■ **WORK ITEM**: No pictures are to be included when the entries below are reproduced exactly.

(Dataset excerpts)
───

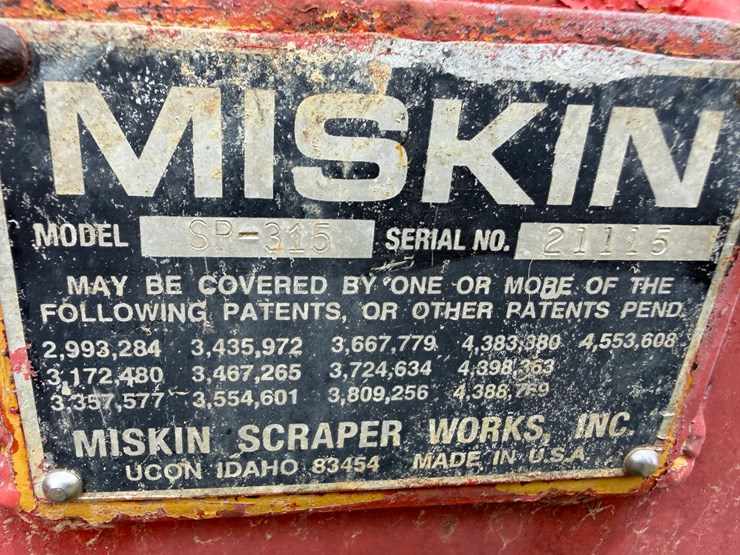 #51922-•-miskin-sp-315-dirt-pan-21115-inv#51922-image-58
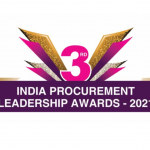 IP award
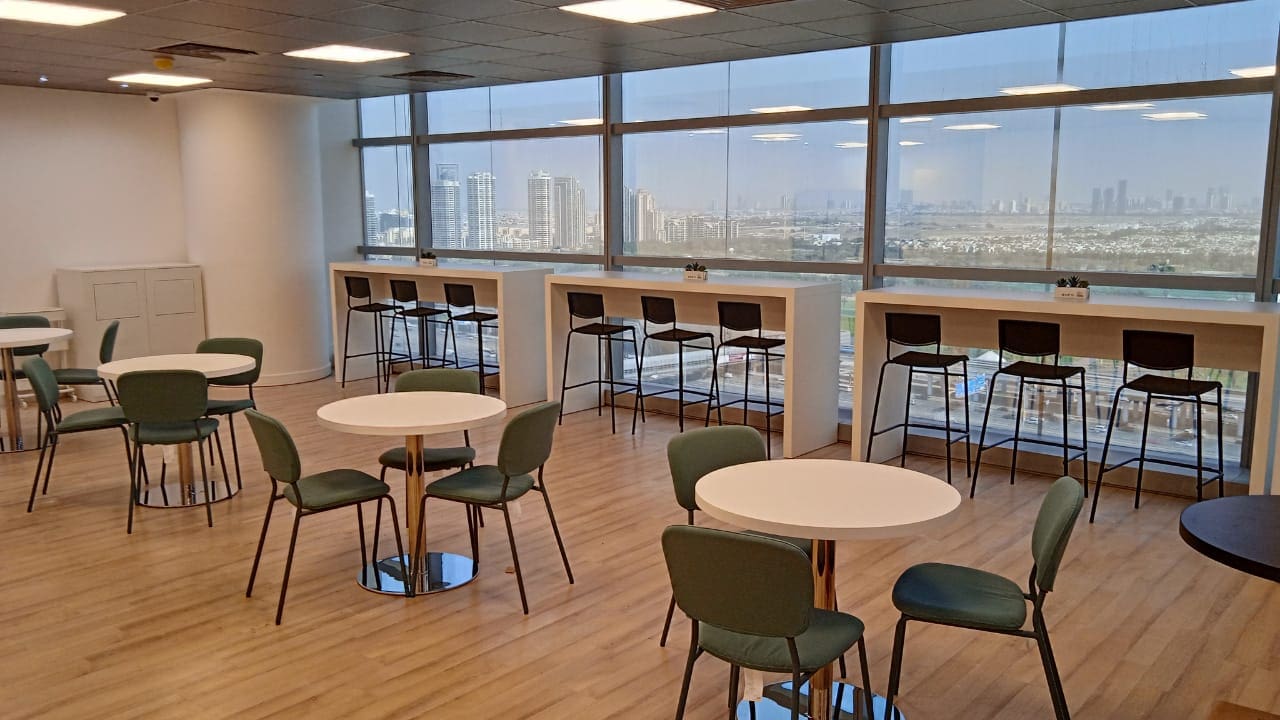 best office furniture in dubai furnishing your workplace with style and comfort 67eee66e853cc Office Concept Furniture - Office Furniture Manufacturer & Supplier in Dubai best office furniture in dubai furnishing your workplace with style and comfort 67eee66e853cc Office Concept Furniture - Office Furniture Manufacturer & Supplier in Dubai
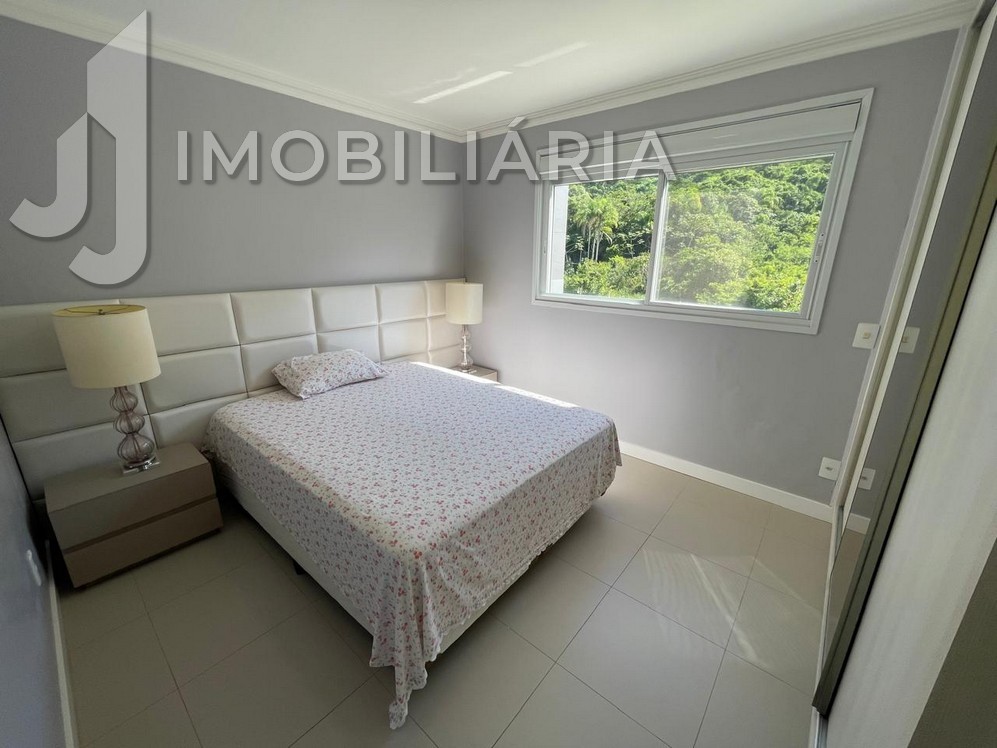 Apartamento para venda no Ingleses do Rio Vermelho em Florianopolis com 145,54m² por R$ 1.650.000,00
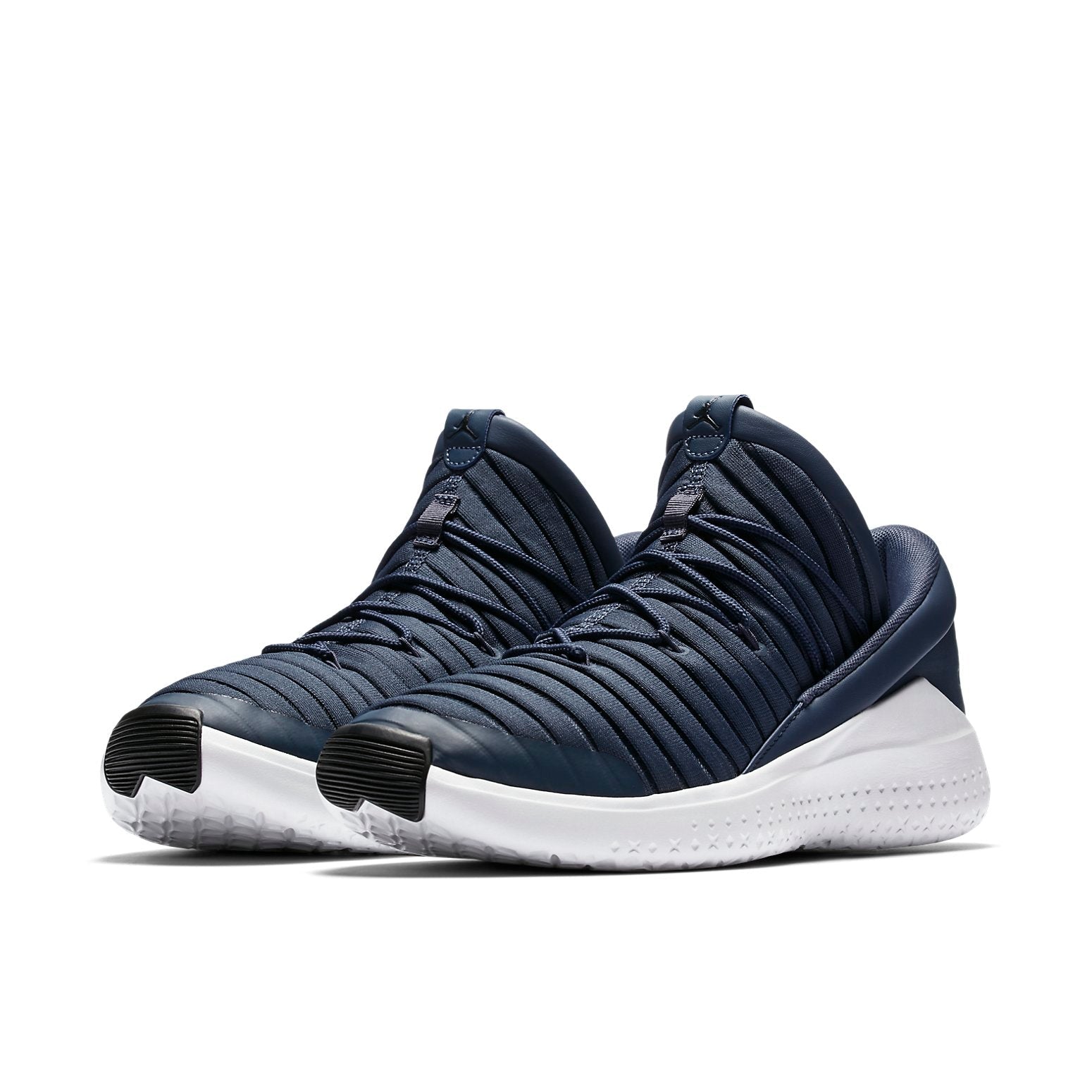 Air Jordan Flight Luxe 'Thunder Blue' 919715-405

───

■ **OUTPUT BELOW**:
 #51922-•-miskin-sp-315-dirt-pan-21115-inv#51922-image-58
 IP award
 best office furniture in dubai furnishing your workplace with style and comfort 67eee66e853cc Office Concept Furniture - Office Furniture Manufacturer & Supplier in Dubai best office furniture in dubai furnishing your workplace with style and comfort 67eee66e853cc Office Concept Furniture - Office Furniture Manufacturer & Supplier in Dubai
 Apartamento para venda no Ingleses do Rio Vermelho em Florianopolis com 145,54m² por R$ 1.650.000,00
 Air Jordan Flight Luxe 'Thunder Blue' 919715-405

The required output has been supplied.